A fine example of this was the invitation from President Hermes da Fonseca’s wife to the popular singer Chiquinha Gonzaga to sing Corta-Jaca60 during an official reception at the Catete Palace.61 If we were to compare the different modernist groups, the Cariocas were perhaps the most informal and far reaching. In addition to Tia Ciata and Chiquinha Gonzaga, the group included Suzana – the pseudonym of Tina Tati, the owner of a cabaret who had been an activist in the abolitionist movement – and Maria Bragança de Mello, a defender of nudism and student of the occult.
The group was very influenced by artists of the previous generation such as Paula Nei, Pardal Mallet and José do Patrocínio. But it also included important artists like the writer Lima Barreto, the critic Gonzaga Duque, the cartoonist Raul Pederneiras, the poet Emílio de Menezes and Bastos Tigre,62 who earned the sobriquet Don Quixote due to his acidic commentaries. They called themselves the confraria humorística63 and adopted the Café Papagaio64 as their headquarters.65 Organizing performances, finding forums for simulating debates, giving improvised speeches and engaging in general mockery were among the many specialties of this bohemian group. At the Café Papagaio even the parrot – nicknamed Bocage66 – was ill-mannered, squawking obscenities and reciting indecent verses.67 Collectively their notoriety was such that it was said even the parrot had run-ins with the law. If the group made the most of life and had much joie de vivre, they also wrote, and a lot: articles for magazines and journals, novels and works of poetry. After all, modernism is a collective concept, and true to that idea, various parallel projects were taking form.

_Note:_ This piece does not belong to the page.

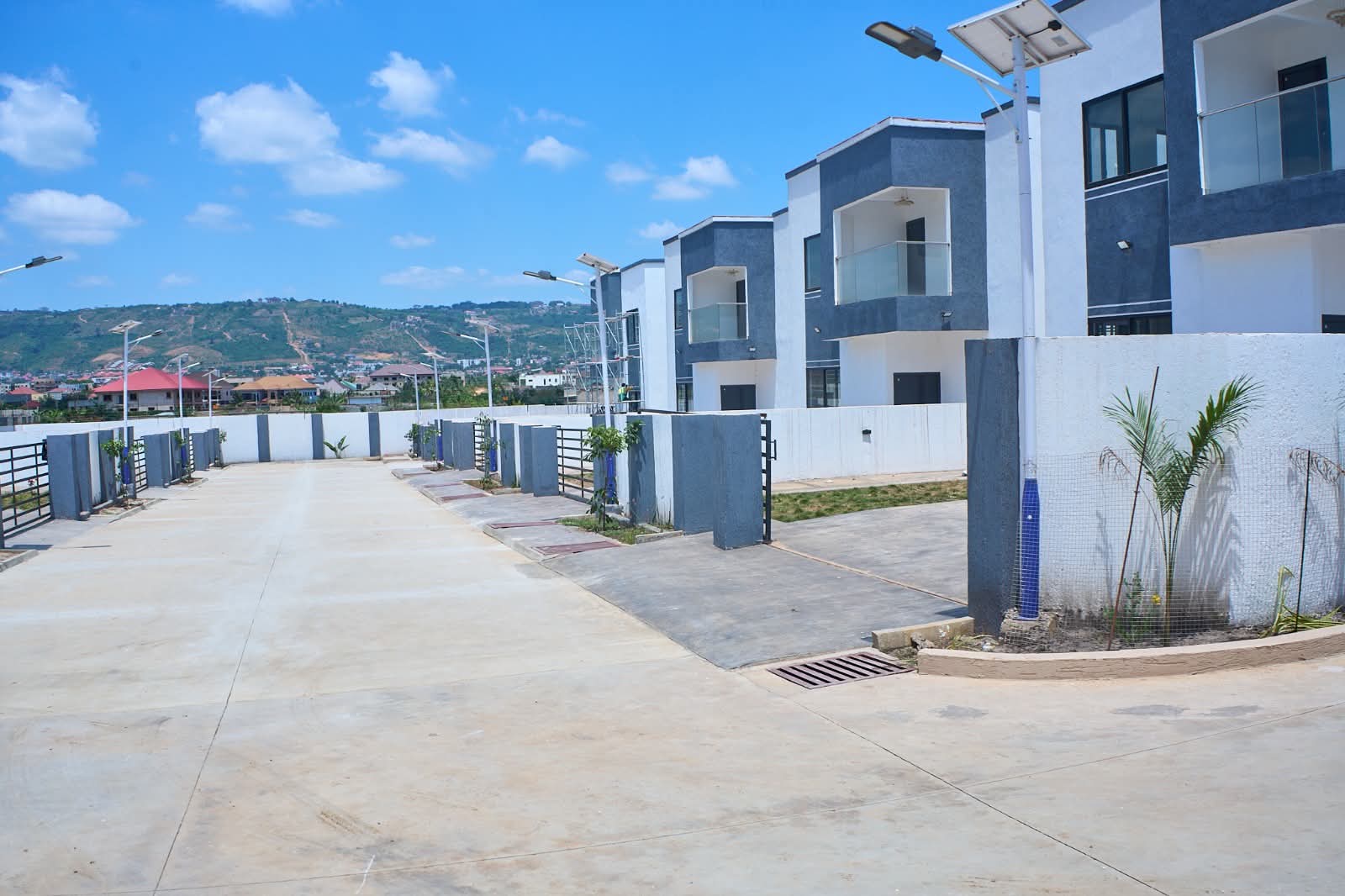 A wide paved street lined with finished homes, with hills beyond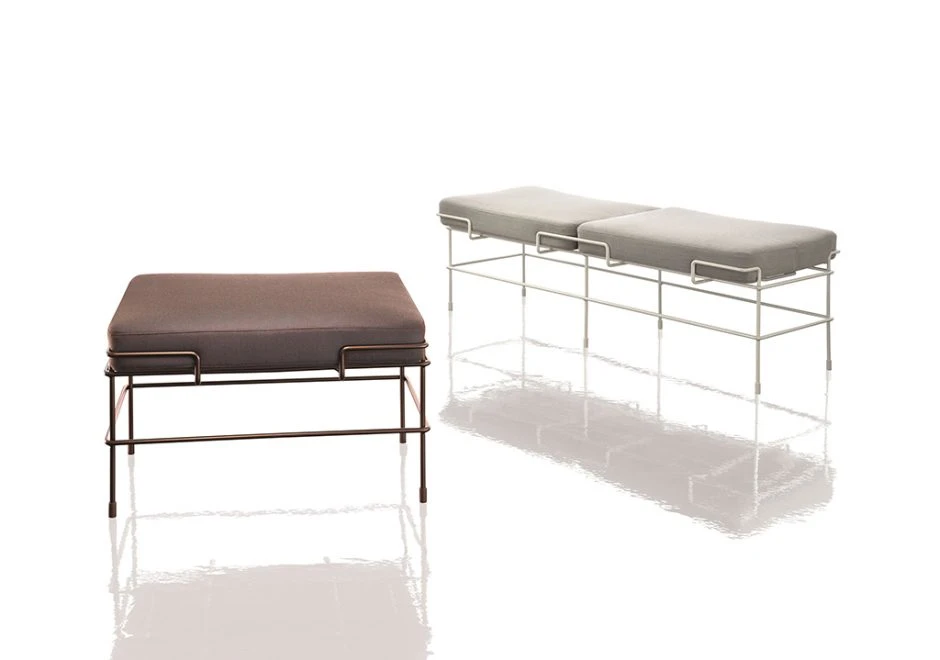 Dois bancos de design com estrutura de aço pintado e almofada de poliuretano expandido com capa de tecido ou couro branco e marrom, vistos de frente, em um fundo branco.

The modernist movement took different form in different regions. In São Paulo, for example, due to its new role on the national scene, there was much insistence on ‘their particular modernity’. For example, the Bandeirantes were no longer seen as mere wild adventurers, capturing slaves and Indians. Instead, they were transformed into the ‘heroes of a race’, symbols of the Paulista entrepreneurial spirit. In Minas Gerais, the modernists established the early eighteenth- and nineteenth-century baroque churches as the ‘cradle of Brazilian culture’. The idea was to exclude the imperial past, considered ‘artificial and imitative’ and embrace a mixed race country.
The 1933 publication of Casa-Grande e Senzala is equally iconic of the period. The over 600-page tome by sociologist, anthropologist Gilberto Freyre established a new sociological approach to Brazil’s society. Taking on the subject of the relation of ‘the three races’, Gilberto Freyre, a Pernambucan intellectual, portrays the private experience of the casa-grandes of the northeast, which he transforms into a collective identity. The work introduced a new model for Brazil’s multiracial society. The author inverted the old fears of miscegenation and racial conflict through new cultural analyses. The ‘melting pot’ was written as an optimistic myth about the coexistence of the three races in Brazil. In Mr Freyre’s words, ‘All Brazilians, even the blond-haired whites, carry in their soul – and more often than not, in their body and soul – the image or the complexion of the Indian and the African.’68 And he thus transformed the mestizo culture into an integral part of Brazilian society.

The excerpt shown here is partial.